Understanding the business is one thing, but how it is projected into the database is another matter. With a crash introduction to SQL any developer can create a few tables and start dumping data. Everyone working with the code knows the connections, but lack of documentation, no constraints, and apparently inconsistency in the data makes it difficult for the newly hired DBA to understand what is going on or what is supposed to be going on. And this agile movement doesn’t make it easier, documentation is not exactly given high priority (…the primary goal of software development is to create software, not documents- Ambler; Agile Database Techniques 2003, p8). In places where more attention has been given to the applications than the database the database can easily become a hard to manage legacy system. The characteristics are tables with few or no constraints (besides the primary key on an id column with values from a sequence, of course), tables with similar column names but with different content and meaning for the same column name, same data stored twice or more (and not in sync), same column used again in another table but with different type, missing data (not null-constraint missing) and so on.

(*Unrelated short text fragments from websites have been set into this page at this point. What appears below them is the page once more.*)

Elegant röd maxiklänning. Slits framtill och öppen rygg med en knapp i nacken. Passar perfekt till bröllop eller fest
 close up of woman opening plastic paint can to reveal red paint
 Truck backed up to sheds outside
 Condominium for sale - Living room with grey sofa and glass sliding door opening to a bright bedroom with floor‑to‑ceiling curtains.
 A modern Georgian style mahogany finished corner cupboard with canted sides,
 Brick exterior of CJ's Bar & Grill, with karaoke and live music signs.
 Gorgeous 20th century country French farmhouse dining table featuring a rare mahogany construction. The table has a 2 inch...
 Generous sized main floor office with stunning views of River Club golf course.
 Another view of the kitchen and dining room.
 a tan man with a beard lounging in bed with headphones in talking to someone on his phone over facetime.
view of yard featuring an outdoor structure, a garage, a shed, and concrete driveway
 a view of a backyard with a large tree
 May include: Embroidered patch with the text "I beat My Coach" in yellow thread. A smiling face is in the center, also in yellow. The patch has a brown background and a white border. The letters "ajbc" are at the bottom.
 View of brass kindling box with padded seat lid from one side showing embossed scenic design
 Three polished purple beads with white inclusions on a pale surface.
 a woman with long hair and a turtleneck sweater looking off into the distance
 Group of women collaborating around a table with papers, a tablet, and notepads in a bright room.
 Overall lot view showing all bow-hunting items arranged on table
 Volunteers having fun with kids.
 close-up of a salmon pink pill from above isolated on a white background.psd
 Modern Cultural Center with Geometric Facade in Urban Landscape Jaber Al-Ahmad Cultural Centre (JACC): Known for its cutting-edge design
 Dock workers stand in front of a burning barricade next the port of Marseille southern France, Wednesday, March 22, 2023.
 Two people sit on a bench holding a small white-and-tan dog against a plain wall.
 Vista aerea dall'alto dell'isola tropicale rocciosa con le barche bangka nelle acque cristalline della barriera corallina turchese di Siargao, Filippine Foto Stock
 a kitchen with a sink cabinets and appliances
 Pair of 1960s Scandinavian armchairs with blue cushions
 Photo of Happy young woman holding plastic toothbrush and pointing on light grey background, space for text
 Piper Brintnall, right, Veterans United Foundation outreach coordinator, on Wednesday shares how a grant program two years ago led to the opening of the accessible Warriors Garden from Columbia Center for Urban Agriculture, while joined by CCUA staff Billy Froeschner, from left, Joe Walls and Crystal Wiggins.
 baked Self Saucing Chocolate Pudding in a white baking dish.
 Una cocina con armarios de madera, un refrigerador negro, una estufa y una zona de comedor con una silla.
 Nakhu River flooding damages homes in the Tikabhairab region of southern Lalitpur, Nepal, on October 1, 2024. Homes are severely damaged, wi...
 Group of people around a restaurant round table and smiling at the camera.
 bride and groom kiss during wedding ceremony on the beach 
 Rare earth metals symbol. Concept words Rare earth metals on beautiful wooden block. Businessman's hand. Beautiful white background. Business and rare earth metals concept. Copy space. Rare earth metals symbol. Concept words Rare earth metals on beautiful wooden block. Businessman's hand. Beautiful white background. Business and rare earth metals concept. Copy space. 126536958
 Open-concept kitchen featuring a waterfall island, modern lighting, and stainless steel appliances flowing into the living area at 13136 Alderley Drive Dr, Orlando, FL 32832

If you have a tuning problem, adding constraints can help, but how can you add a constraint if you don’t know the data model or the connections in the data? Adding an unique index can certainly speed things up, but what if a column has 99% unique data, is that an error in the data or just coincidental? I have found the following techniques and strategies useful for understanding the data model:

Ask questions - some like to talk about the code they wrote, but there is a limit to all interruptions.
Talk to staff likely to be in need for reports and find out if they use reports from the database, then you trace the reports back to the database, i.e. the actual SQL used. Sometimes there is an intermediate data dump that is later imported to Excel for further processing. Looking at each step, asking for an interpretation of the report (if it is not obvious) you may see some new connections.
Views in the database are useful to store complex queries, hide access to columns, create a standard interface to a set of tables, and more. But I have seen views defined as select col1 newname1, col2 newname2, … from foo; i.e. the only change from the underlying table is new column names that relates to reports or a term that is used outside the database.
Stored procedure and packages are more likely to have comments than tables and views. If some strange logic is applied in the source, it motivates a question and may reveal something about the data model.
Anticipate dirty data (if constraints are few). Say the quality of the applications are reasonable good, most of the data may be fine, but there will be some orphan rows, illegal values, etc. Doing some digging with simple select statements counting and looking for seemingly missing parent values (as per an imagined business rule, since the constraint is not defined) may show a set of dirty data that should be looked into. I have used this as a pretext to ask about the tables (“Is it not so that … is supposed to have …‘cause I have seen some … that does not have a corresponding …"). This may be an opportunity to suggest to clean up the data and add constraints (because management understands the value of the data and the danger of not be able to trust them). Invalid data are more likely to have entered early in the history of the database (“well, some testing was done on the production database”) or because the data model evolved with new columns added or business rules changed at an early stage.
Besides finding corrupt data, researching the statistical distribution is useful for tuning purposes and identifying other constraints. When a column with a discrete set of distinct values have relative few nulls I suspect a candidate for a not null constraint.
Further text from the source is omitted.